Archive for October, 2010

Bauble Tree. Just Because It’s Pretty.

Saturday, October 30th, 2010

Bauble Tree

Shama and I drove to the mountains of North Carolina to get away after getting married.  We did some hiking and reading and played lots of games and did a lot of the nothing we weren’t able to do in the weeks leading up to the wedding.

I suggested we go to a fancy restaurant one night and Shama said we should make it a whole high society day.

Evan: What’s a high society day?

Shama: We’ll go horesback riding and then before dinner we can go into town and buy a trinket or bauble just because it’s pretty.

So we went horseback riding, although it was probably a little more “rancher” than “high society.”  And we went into the town of Marshall, North Carolina (pop. 840) to look around.  I don’t think either of us were planning to get any sort of trinket or bauble, but we went into the Arts Center on Main Street and saw a painting we both really liked.  It’s title: “Bauble Tree.”

The Magic of Clipboards

Sunday, October 24th, 2010

Having a Jewish/Desi wedding can be complicated at times.  Shama’s been trying to get some Indian fabric and other accoutrements on Devon, Chicago’s Indian district, but once the shop-ladies find out it’s for a non-traditional wedding, they become much less helpful.  One lady told her there was no shop that would sell her what she wanted.

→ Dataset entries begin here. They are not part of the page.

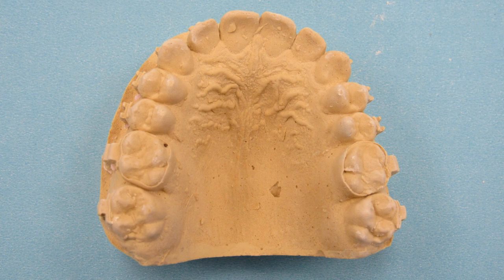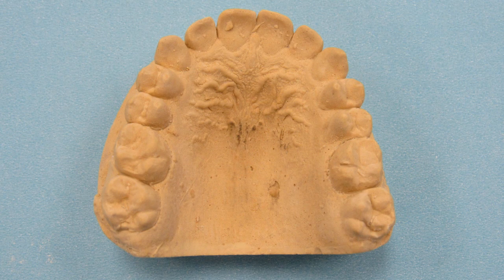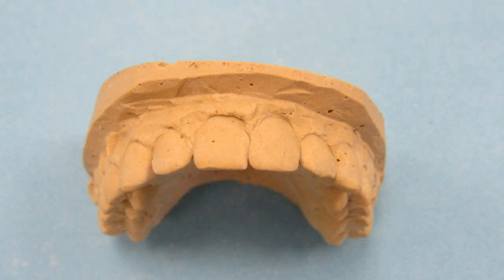Many doctors do not want to remove the patient's braces until they have a retainer to place at the same appointment. One technique that works very well is to take your impression for the final retainer with the brackets in place. Simply remove the wire, take the impression, and then place the same wire back in the braces to maintain the arch. When we receive the model, we will carve the brackets off the model and then make the retainer. You will be able to remove the brackets and place the retainer at the same appointment to make sure the teeth do not move.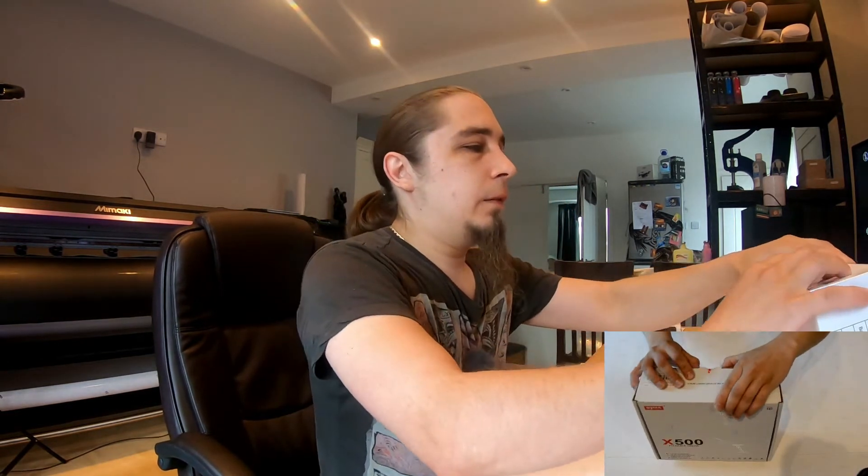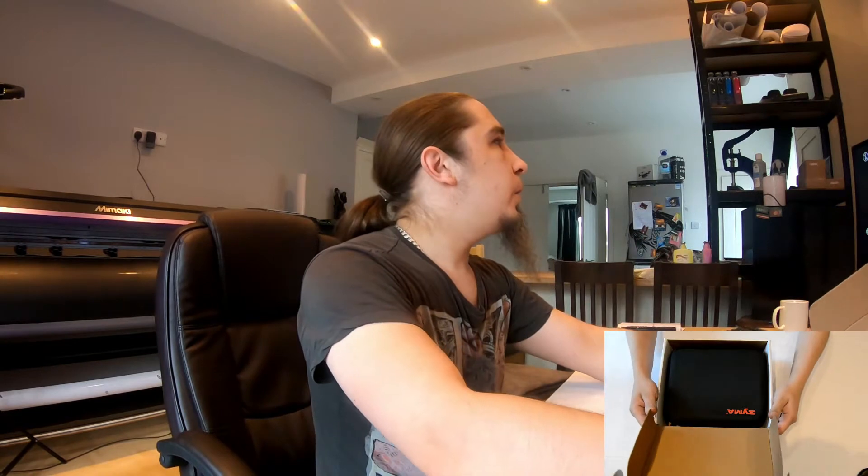Shall we begin to see what actually comes in the box? I do have something to compare it to, because there's already a drone in my possession.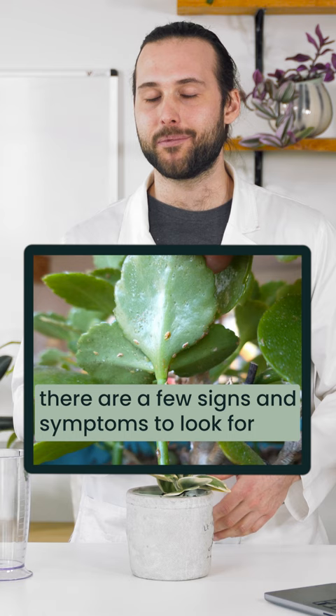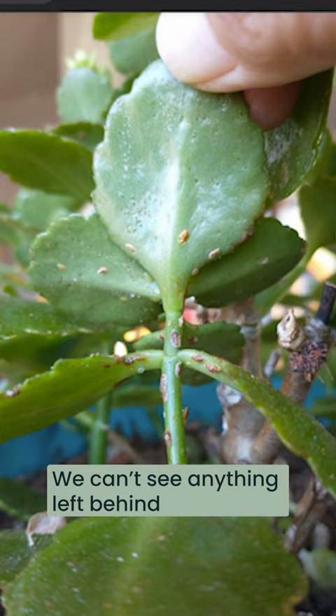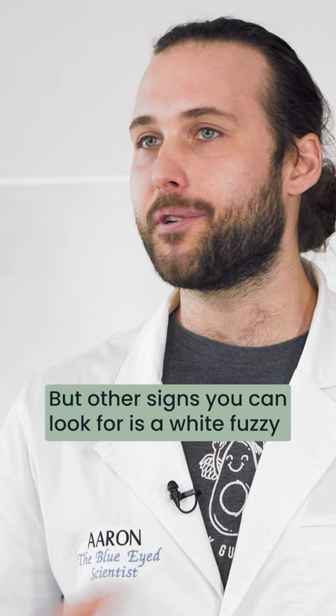So how do we identify scale? There are a few signs and symptoms that you can look for to easily notice that scale is the issue on your plant. As we can see in this picture from Tina Terry, we can only see the actual insects. We can't see anything left behind or any damage done yet, because this is still an early infestation.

Undeterred (okay, slightly deterred) Shama decided to be awesome.

She got a clipboard, put her hair in a pony tail, wore her glasses and went back to the same shops.

Shama: I’m a student at Columbia College and I’m the art director for a student film we’re entering in an international film contest.  It’s a Bollywood style film and I need to dress several characters including the villain, the pushy aunt, and the bride.  Today I’m trying to find pieces for the bride character.  Oh, and we’re on a budget.

I got a text message from her that afternoon:

This ruse is working frighteningly well.

Sometimes she’d send photos to her “director” (i.e. maid of honor) for approval.

She was happy to get what she was looking for, but felt a little guilty about having to be deceptive to get what she wanted.  Perhaps it’s a good question for The Ethicist.